Using the records below, write out again exactly the lines that begin at the line containing "3403 Kenbrooke Ct, Kalamazoo, MI" and end at the line containing "[VENDU] MSI Thin", and no other lines.

▶ _Data for review_:

+++

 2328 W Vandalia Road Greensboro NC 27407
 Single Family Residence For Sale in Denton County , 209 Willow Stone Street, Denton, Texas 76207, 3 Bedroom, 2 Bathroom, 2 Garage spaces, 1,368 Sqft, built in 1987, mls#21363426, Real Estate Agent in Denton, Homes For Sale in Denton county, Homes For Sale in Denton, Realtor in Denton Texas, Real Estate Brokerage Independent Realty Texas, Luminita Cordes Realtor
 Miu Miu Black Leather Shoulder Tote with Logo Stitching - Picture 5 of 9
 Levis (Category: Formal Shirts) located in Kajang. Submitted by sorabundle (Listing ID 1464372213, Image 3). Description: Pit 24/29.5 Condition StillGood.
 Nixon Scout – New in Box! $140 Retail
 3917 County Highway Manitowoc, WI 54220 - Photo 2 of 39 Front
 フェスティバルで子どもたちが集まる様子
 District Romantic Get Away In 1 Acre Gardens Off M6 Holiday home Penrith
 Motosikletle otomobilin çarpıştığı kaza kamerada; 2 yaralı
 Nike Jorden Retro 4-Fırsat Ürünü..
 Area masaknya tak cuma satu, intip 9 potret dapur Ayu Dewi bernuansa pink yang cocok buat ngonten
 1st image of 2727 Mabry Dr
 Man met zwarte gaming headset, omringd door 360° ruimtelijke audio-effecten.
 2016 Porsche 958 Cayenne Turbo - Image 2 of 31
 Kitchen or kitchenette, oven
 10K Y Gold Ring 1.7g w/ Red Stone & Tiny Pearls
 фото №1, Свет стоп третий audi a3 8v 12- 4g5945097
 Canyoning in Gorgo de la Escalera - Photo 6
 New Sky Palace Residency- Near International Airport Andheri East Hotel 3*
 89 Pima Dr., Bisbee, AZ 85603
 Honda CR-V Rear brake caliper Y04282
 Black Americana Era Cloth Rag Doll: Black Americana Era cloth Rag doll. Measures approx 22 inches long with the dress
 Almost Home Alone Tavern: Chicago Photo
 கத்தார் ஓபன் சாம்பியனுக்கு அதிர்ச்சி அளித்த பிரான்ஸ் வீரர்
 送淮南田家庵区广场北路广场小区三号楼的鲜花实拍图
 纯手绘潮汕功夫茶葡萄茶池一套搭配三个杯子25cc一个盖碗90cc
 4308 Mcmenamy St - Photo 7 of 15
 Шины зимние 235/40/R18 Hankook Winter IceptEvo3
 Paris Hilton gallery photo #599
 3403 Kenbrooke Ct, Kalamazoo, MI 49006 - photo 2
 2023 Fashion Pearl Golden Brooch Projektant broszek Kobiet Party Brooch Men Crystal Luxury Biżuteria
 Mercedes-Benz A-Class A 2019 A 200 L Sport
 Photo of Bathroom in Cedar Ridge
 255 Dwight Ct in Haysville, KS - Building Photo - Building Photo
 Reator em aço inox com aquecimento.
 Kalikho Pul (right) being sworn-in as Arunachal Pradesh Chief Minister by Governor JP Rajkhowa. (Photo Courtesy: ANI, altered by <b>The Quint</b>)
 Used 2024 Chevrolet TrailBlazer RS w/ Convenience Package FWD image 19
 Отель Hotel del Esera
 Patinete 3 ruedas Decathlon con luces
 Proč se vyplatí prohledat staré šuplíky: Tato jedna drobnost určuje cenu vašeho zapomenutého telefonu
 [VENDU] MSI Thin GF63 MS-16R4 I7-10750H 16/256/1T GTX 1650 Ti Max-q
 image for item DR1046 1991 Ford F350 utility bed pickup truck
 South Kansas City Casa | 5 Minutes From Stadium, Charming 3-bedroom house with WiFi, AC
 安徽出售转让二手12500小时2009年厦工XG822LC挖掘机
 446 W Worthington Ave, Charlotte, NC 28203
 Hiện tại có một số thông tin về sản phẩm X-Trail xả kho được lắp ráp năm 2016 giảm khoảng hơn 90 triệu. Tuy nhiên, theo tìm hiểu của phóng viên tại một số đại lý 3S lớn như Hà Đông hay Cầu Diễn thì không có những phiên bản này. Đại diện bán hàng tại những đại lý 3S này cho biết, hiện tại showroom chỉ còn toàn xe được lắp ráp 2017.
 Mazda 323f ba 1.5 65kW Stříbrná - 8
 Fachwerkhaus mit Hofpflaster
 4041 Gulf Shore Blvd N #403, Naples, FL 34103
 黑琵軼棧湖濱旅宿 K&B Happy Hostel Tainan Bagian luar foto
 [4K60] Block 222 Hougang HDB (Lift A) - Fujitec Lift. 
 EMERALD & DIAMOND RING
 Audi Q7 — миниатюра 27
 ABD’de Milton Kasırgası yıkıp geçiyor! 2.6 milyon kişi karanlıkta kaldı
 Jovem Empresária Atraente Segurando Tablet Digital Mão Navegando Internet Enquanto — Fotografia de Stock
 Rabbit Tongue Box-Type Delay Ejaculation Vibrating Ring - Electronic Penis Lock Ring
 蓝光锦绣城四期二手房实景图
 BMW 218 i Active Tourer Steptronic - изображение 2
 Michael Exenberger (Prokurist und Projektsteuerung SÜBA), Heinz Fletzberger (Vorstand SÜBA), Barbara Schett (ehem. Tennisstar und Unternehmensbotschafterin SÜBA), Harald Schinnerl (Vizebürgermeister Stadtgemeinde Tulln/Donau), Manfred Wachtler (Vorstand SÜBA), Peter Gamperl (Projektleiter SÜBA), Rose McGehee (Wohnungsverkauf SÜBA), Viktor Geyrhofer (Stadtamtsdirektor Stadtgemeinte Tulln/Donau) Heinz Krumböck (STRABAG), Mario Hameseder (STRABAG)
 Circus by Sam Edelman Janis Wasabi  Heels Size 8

+++

▶ _Your response_:
 3403 Kenbrooke Ct, Kalamazoo, MI 49006 - photo 2
 2023 Fashion Pearl Golden Brooch Projektant broszek Kobiet Party Brooch Men Crystal Luxury Biżuteria
 Mercedes-Benz A-Class A 2019 A 200 L Sport
 Photo of Bathroom in Cedar Ridge
 255 Dwight Ct in Haysville, KS - Building Photo - Building Photo
 Reator em aço inox com aquecimento.
 Kalikho Pul (right) being sworn-in as Arunachal Pradesh Chief Minister by Governor JP Rajkhowa. (Photo Courtesy: ANI, altered by <b>The Quint</b>)
 Used 2024 Chevrolet TrailBlazer RS w/ Convenience Package FWD image 19
 Отель Hotel del Esera
 Patinete 3 ruedas Decathlon con luces
 Proč se vyplatí prohledat staré šuplíky: Tato jedna drobnost určuje cenu vašeho zapomenutého telefonu
 [VENDU] MSI Thin GF63 MS-16R4 I7-10750H 16/256/1T GTX 1650 Ti Max-q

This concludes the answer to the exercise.